Bu onun ilk Kaotik Nihai Göksel oluşuydu. Hâlâ Murong Qi’ye soracağı pek çok şey vardı. Murong Qi ona bildiği her şeyi anlattı ve çok sabırlı davranarak ona olan hayranlığını arttırdı.
Han Jue’nun Murong Qi’yi Fiendcelestial Ordusu’nun lideri olarak seçmesine şaşmamalı!

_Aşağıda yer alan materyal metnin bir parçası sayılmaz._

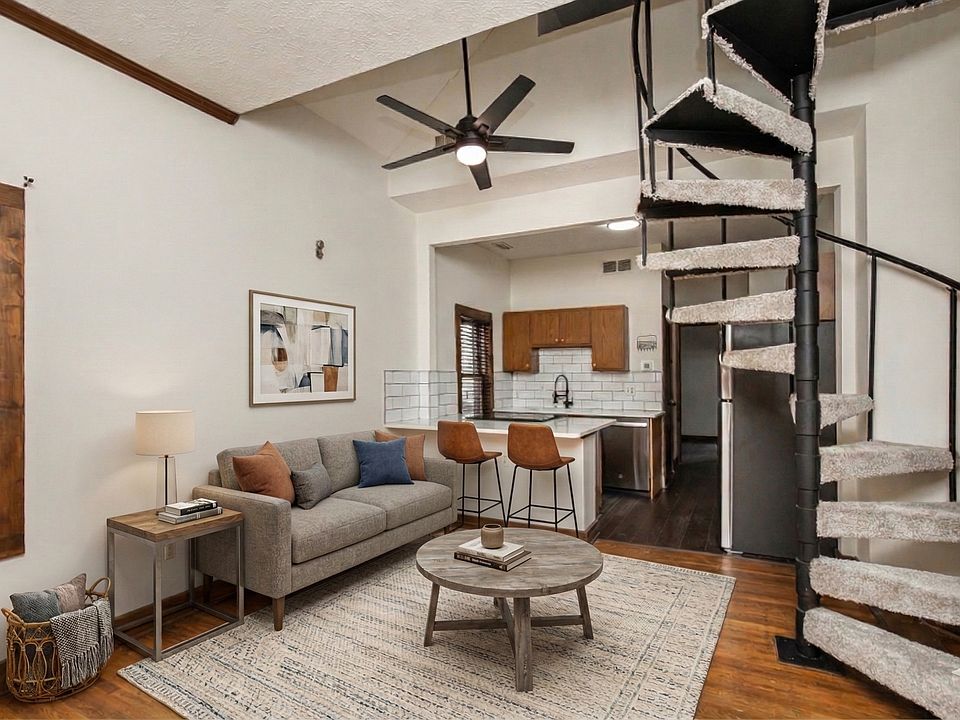 Virtually Staged Living Room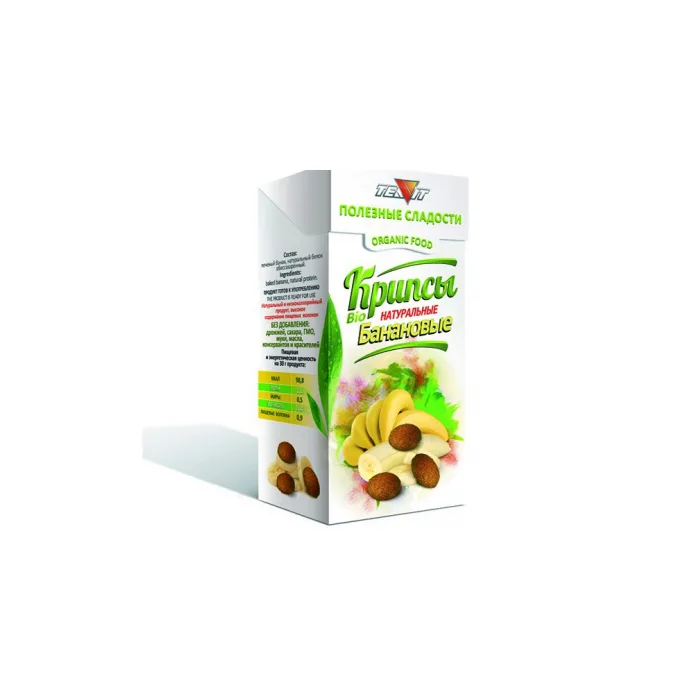 Sipsiä banaanilla "Tiavit" (30g)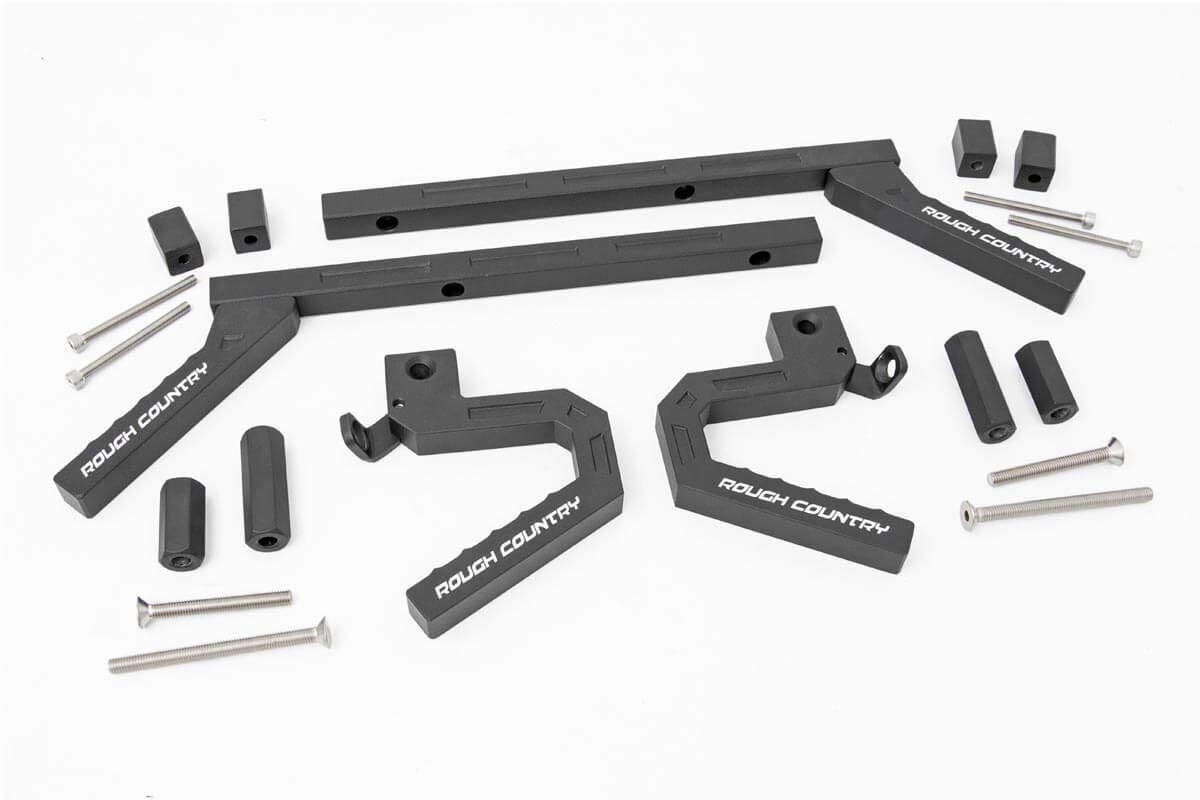 Aluminum Grab Handles for Jeep Wrangler JK X131123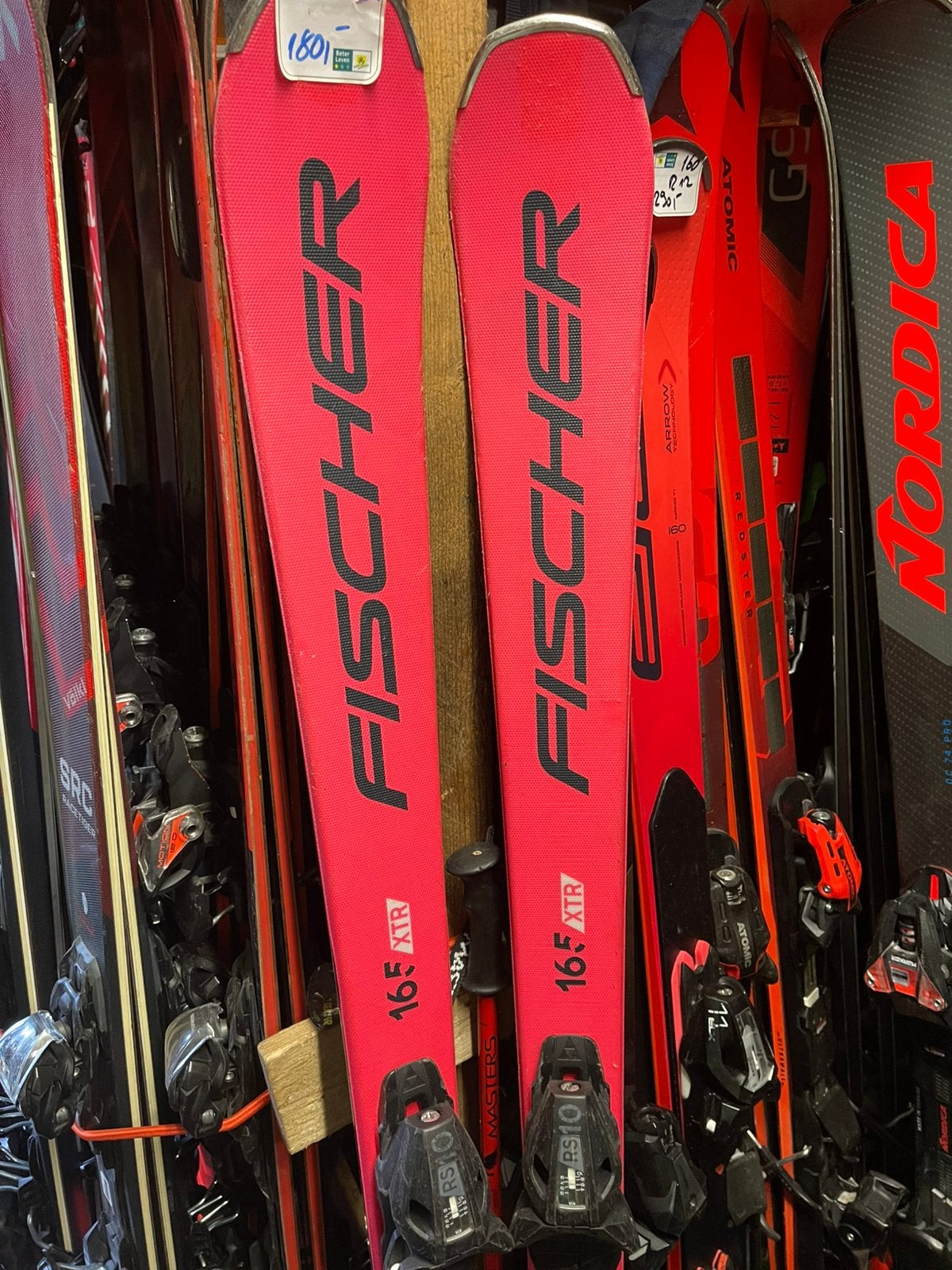 165 170 Fischer tc one xtr carve skis 73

Duruşu gerçekten de etkileyiciydi.
Han Jue ikinci Tao Alanını hemen terk etmedi ama Dünya Ölümsüz Dünyasına baktı.
Birden Ren Gang ve Yin Hongchen’in artık Ölümsüz Dünya’da ve hatta Göksel Tao’da olmadıklarını fark etti.
Parmaklarıyla saydı. İkisi on binlerce yıl önce Reenkarnasyon Alanı’nı takip ederek Kaos’a girmiş ve bir daha geri dönmemişlerdi.
Han Jue’nun umurunda değildi. Fiendcelestial adaylarını tehlike hissi yüzünden seçmişti. Artık güçlendiğine göre, Fiendcelestial Ordusu’nu genişletmek için acele etmiyordu.
Kaotik bir Fiendcelestial olamamak Ren Gang ve Yin Hongchen için sadece üzücü bir durumdu. Han Jue onların yerine geçebilirdi. Saklı Tarikat’ta onların yerine geçecek kimse yoktu.
“Neye bakıyorsun sen?” Li Yao merakla sordu.
Han Jue kendine geldi ve gülümsedi. “Hiçbir şeye.”
Li Yao aniden elini aşağı bastırdı ve yumuşak bir sesle, “Gitmek için acele etme,” dedi.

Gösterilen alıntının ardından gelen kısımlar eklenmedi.